Un fanatique sunnite s’est fait exploser dans le parc de Gulshan à Lahore au Pakistan. Le bilan est très lourd puisqu’on dénombre 72 morts et 350 blessés. Cet acte criminel atteint les sommets de l’horreur : il a été perpétré près des balançoires où jouaient des enfants accompagnés de leurs mères, comme si le massacre des innocents avait été délibérément voulu. Une organisation musulmane a revendiqué cette action ignoble : le Jamaat-Ut-Ahrar qui a précisé qu’il visait les chrétiens rassemblés en ce jour de Pâques. Une quinzaine de chrétiens ont effectivement trouvé la mort. Les autres sont sans doute des musulmans. 29 enfants ont perdu la vie dans cet attentat doublement inhumain, parce que lâche et absurde.
Le Pakistan n’est pas n’importe quel pays musulman. C’est le pays des “purs”. Lors de l’indépendance de l’Inde britannique, alors que le Mahatma Gandhi voulait préserver l’unité du pays, ce qu’il a d’ailleurs payé de sa vie, le chef de la Ligue Musulmane Ali Jinnah parvenait à réaliser la séparation pour les deux parties majoritairement peuplées de musulmans, à l’ouest et à l’est. Il s’agissait de ne pas accepter un Etat où les musulmans auraient été minoritaires. Le destin de ce pays a été, depuis, une longue tragédie marquée par des coups d’Etat, des assassinats et des exécutions. Le Bangladesh, ex- Pakistan oriental, a conquis sa liberté. Le Pakistan, désormais seul, est le second pays musulman de la planète avec 200 Millions d’habitants, après l’Indonésie à l’histoire et à l’islam moins tourmentés. Ce grand allié des Etats-Unis a aidé les rebelles afghans à chasser les Soviétiques. C’est sur son territoire que vivait Ben Laden lorsqu’un commando américain l’a exécuté. Il possède un arsenal nucléaire depuis 1998 et s’est doté d’une législation islamique après le coup d’Etat du général Zia. Ces deux aspects sont peu rassurants.

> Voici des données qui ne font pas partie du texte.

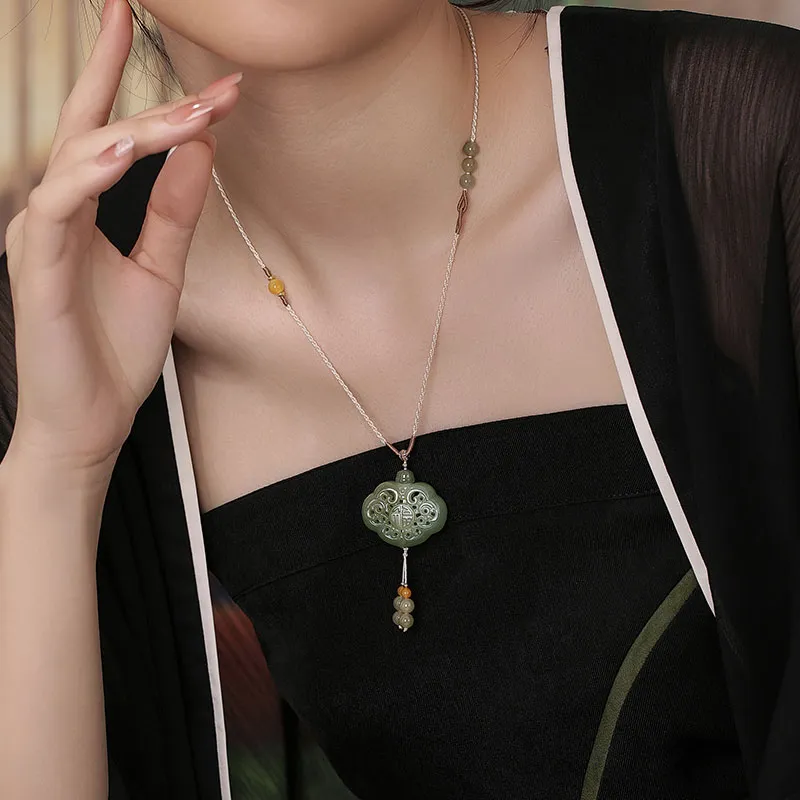 Princess Cui Hetian Jade Necklaces Pale Greenish White Jade Unisex-4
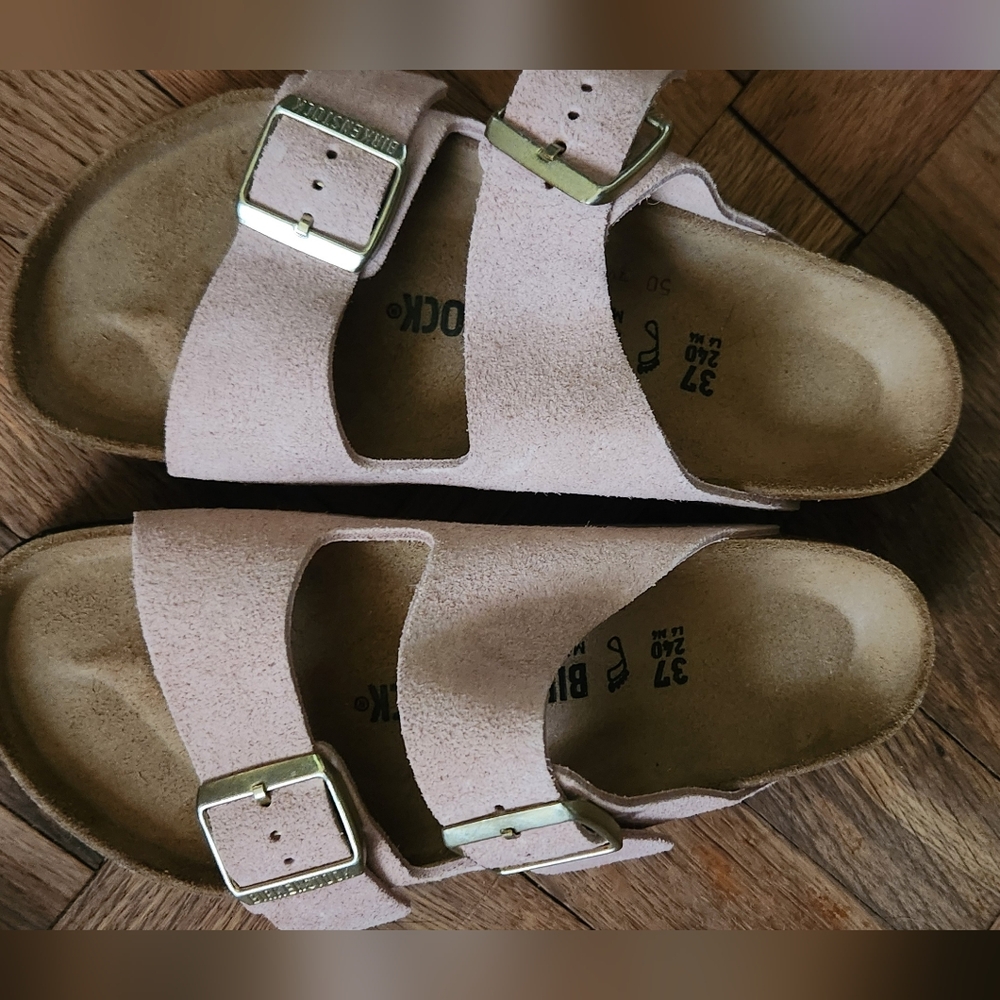 BNIB pink suede Arizona Birkenstock sandal size 37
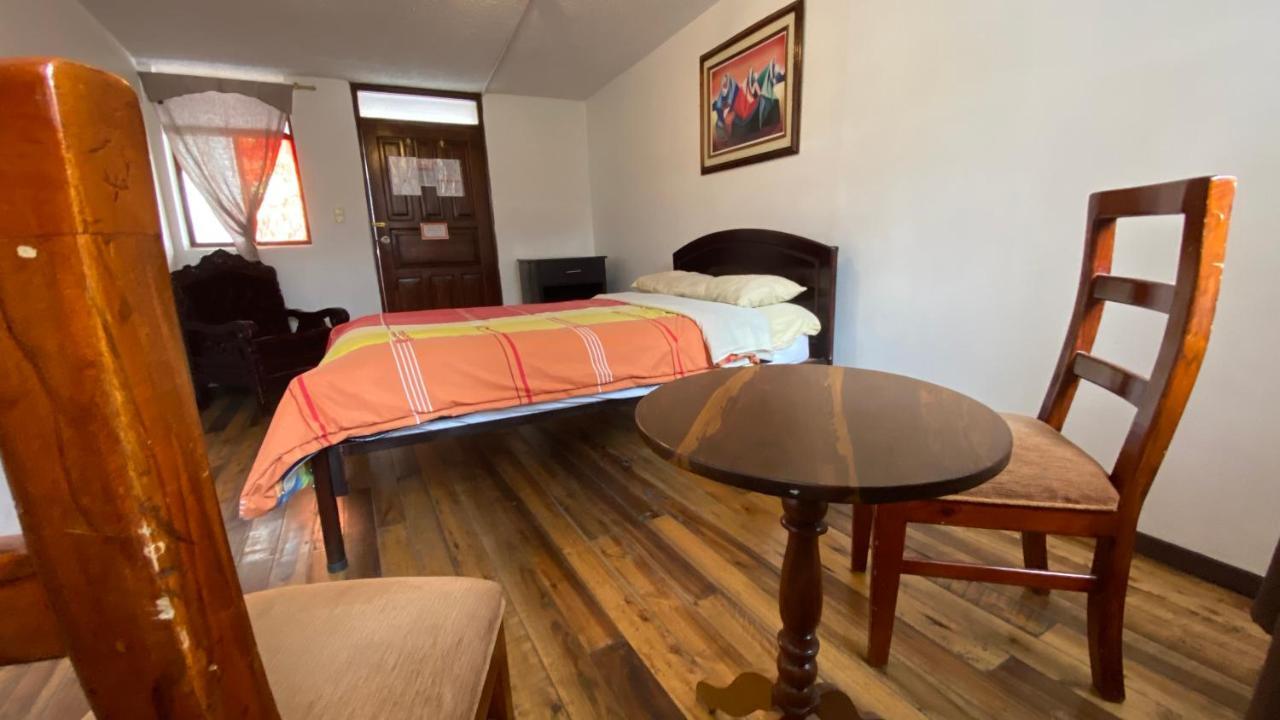 Hostal La Guayunga Rooftop Quito Esterno foto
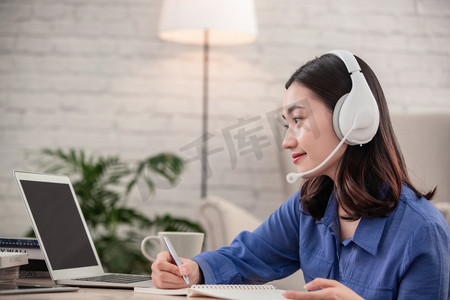 线上教育居家学习套图摄影照片_青年女人使用电脑在线学习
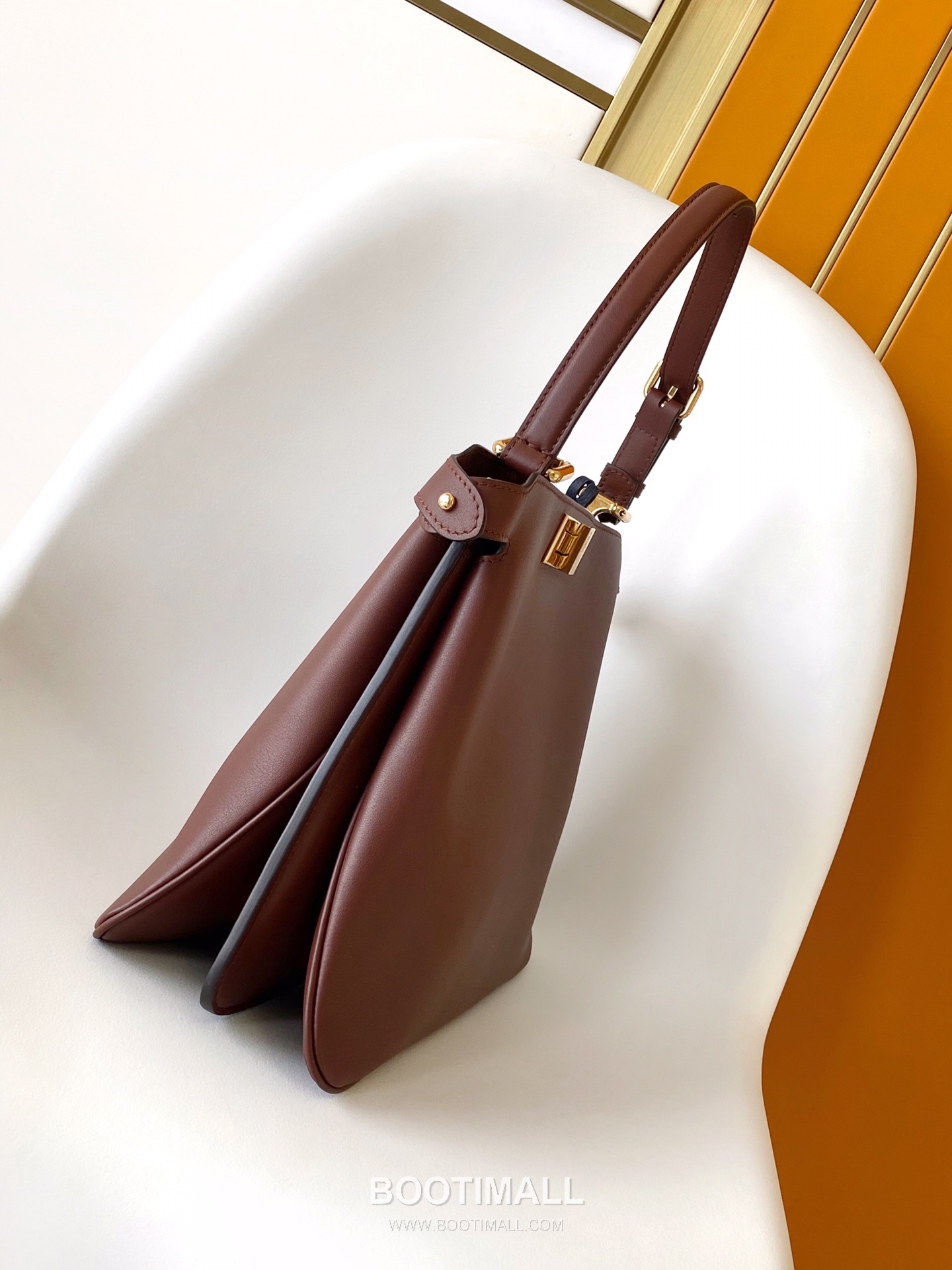 Fendi Peekaboo Soft Medium Calfskin Leather Bag 펜디 피카부 소프트 미디엄 카프스킨 레더 백 33cm 5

Le “pays des purs”, en raison de sa naissance et de son histoire, notamment jalonnée par des guerres avec l’Inde voisine multiconfessionnelle à majorité hindouiste, est marqué par un fanatisme particulièrement exacerbé. Les attentats contre des minorités religieuses mal tolérées y sont fréquents. Les 20% de chiites en sont souvent les victimes : à Quetta les 11 Janvier et 15 Février 2013, 90 et 81 morts, puis le 9 Mars à Karachi. Les chrétiens qui ne sont que 2% de la population avaient eu 17 morts dans des églises de Lahore le 15 Mars 2015. Le terrorisme frappe avec une cruauté spectaculaire : 154 morts dans une école de Peshawar, par exemple. Cet intégrisme islamiste a aussi son pendant institutionnel. Le blasphème est puni de mort. J’avais ainsi multiplié les courriers et les démarches entre 2010 et 2012 auprès de Mme Alliot-Marie(Ma lettre à Michèle Alliot-Marie), d’Alain Juppé et de Nicolas Sarkozy pour qu’ils interviennent afin de sauver Asia Bibi, dont j’avais reçu le mari et la fille à l’Assemblée. Celle-ci avait été condamnée à mort pour avoir osé évoquer Jésus-Christ et Mahomet lorsqu’on l’accusait d’avoir souillé l’eau d’un puits “musulman” en y buvant. Ces démarches sont restées sans effet puisqu’en 2014, elle fut condamnée à mort en appel. Elle croupit en prison depuis 2009 ! Dieu merci, bien des Pakistanais souhaitent changer les choses : le ministre des minorités, Shabhaz Batti et le gouverneur du Penjab Salman Taaser qui avaient pris sa défense ont tous deux été assassinés. L’assassin de ce dernier Mumtal Qadri a été jugé et pendu, tandis que la Cour Suprême suspendait l’exécution d’Asia Bibi. Ce sont précisément ces décisions justes qui ont suscité la fureur des islamistes et précipité leur vengeance contre les chrétiens.
Ce pays nous interpelle. Il est porteur d’un immense danger. Nous devons certes y défendre les minorités opprimées, mais surtout aider ceux qui veulent le faire échapper à une dérive fanatique incompatible non pas avec nos valeurs ou nos institutions , mais avec le minimum de respect de l’humanité. Le prix Nobel de la Paix remis à Malala Yousafzai était un geste symbolique en ce sens, mais on mesure aujourd’hui combien il est insuffisant et déjà oublié.